Little did I know, it was kinda foreshadowing. Fast forward a month or so to last week. I’ve always talked about independence and deep down I really wanted it, but never took the steps. Of course I had a savings, but never did I put my foot down and have conversations about my freedom with my parents, even though life, and literally everyone pushed me to. I never really jumped out and did my own thing, at least not with a leash or fear hanging over me.
Last week I was preparing for a vacation, in the middle of a conference, and my life fell apart. A childhood friend of mine passed away as well as a family friend. My boyfriend and I were having troubles and not talking about it, or what was going on, and nor did I really want to talk about it with anyone else.We smiled with niceties but knew what was looming and all of it was at the fault of not communicating, but alas. Being the one to spear head everything, I actually didn’t say a word of what I felt, and even if I got the courage to talk, I don’t know what I would’ve said.
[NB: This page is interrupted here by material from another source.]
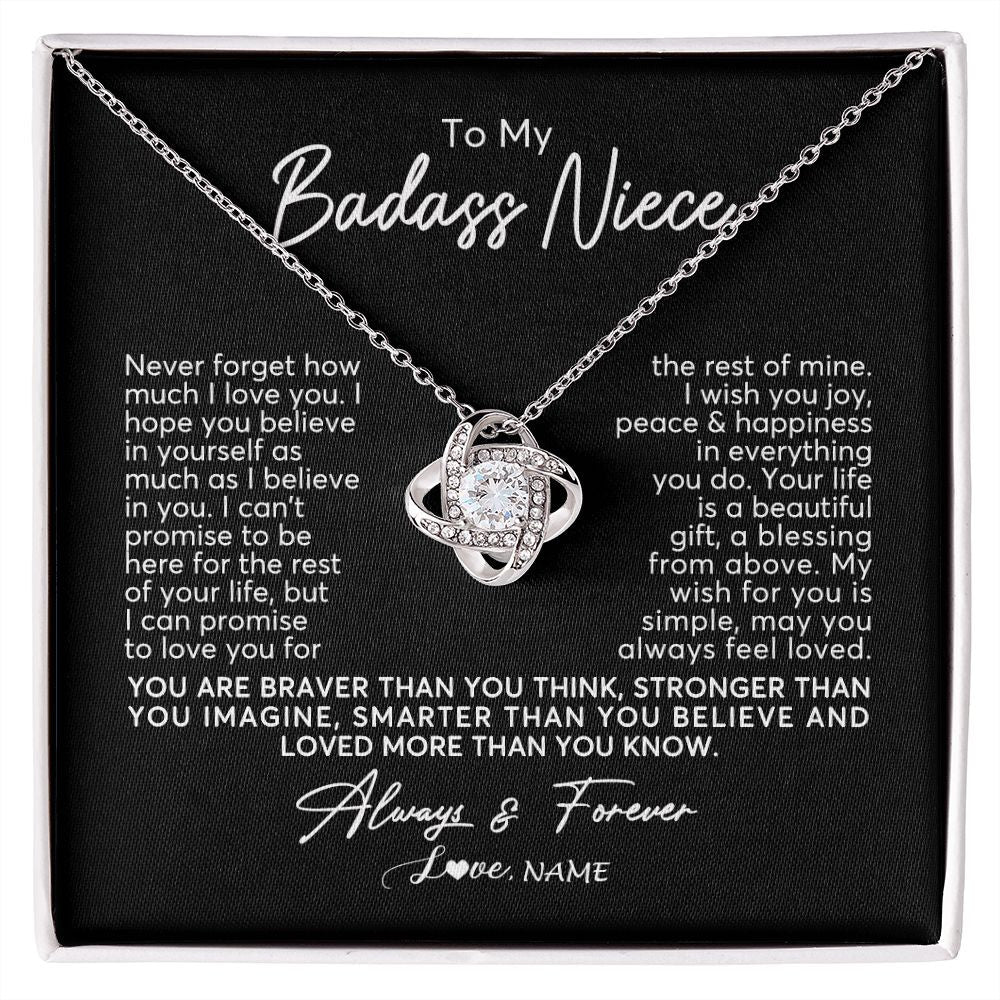 Love Knot Necklace | Personalized To My Niece Necklace From Aunt Uncle Never Forget How Much I Love You Niece Jewelry Birthday Christmas Graduation Customized Gift Box Message Card | teecentury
Days moved on a vacation came. The perfect instagram backdrops, fun at my finger tips, and the means for whatever I wanted. The second night of my vacation I sat on my bed with my hotel room all to myself, shopping bags in front of me. I knew what I wanted. I had things , but that I wanted, what I really wanted, were experiences. I wanted my boyfriend with me, but not enough nerve to call him, I wanted to see the city at night for myself, but didn’t have the nerve to go. Days later I sat on the train home, and I realize I had fun, but none of what I really wanted, and as I sat there, I thought about what I wanted and said why not?
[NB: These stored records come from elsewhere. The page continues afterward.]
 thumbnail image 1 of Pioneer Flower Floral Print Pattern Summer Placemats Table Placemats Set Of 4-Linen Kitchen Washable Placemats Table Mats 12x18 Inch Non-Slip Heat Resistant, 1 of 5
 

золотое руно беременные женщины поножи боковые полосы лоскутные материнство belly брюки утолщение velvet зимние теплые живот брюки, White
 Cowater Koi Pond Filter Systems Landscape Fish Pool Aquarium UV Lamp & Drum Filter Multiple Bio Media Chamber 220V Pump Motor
From the train station I literally put my bags into my car and just drove. I didn’t tell anyone anything other than that I was okay and I took off. Gutlessness eventually took over, right about the time I got to Atlanta. I met a close friend and we talked and they asked me why I was there and what I was looking for. I told him about school, and the boyfriend, and the friends, and the hard time, and even the secrets I’d hid from everyone but myself. He nodded and was quiet for a very long time before he told me, ” you can’t change people, you have to change, if you’ve loved them all you can, supported them all you can, if you’ve tried all you can, the rest is up to them.”
It was a very weird thing, almost as if saying you were going to water a plant, but not prune it. As someone who suffers from anxiety I find myself scheduling, managing, and perfecting everyone, even myself. I’d told myself over and over to let go, and I always did but never truly. I realized I was alone, and that being alone, even if for just a little while, was an ok thing.
After 5 days of trotting across states, I’d realized that I have to accept life as it comes. Love, laugh, give, forgive, and forget. When I left I left as myself, I left as true me, and I realize it didn’t matter what I did, as long as I did my best. I can wait and expect a positive reaction for all of my good deeds, nor can I expect brimstone for the bad ones. If you loved that persona s hard as you can and they still leave, its ok. Becuase you tried your best, the same with jobs, school, and everything in between.
So today I wanted to come out as me. As myself, and yeah there’s still gonna be anxiety, I have to find peace and love within myself, and to be my true self, and not a watered down version, Theres nothing embarrassing about loving someone or wanting someone to know you care. It’s human. So smile, dance, cry, get you hair wet and take care of the frizz in the morning. Be you, and don’t care what people think and the rest will fall into place.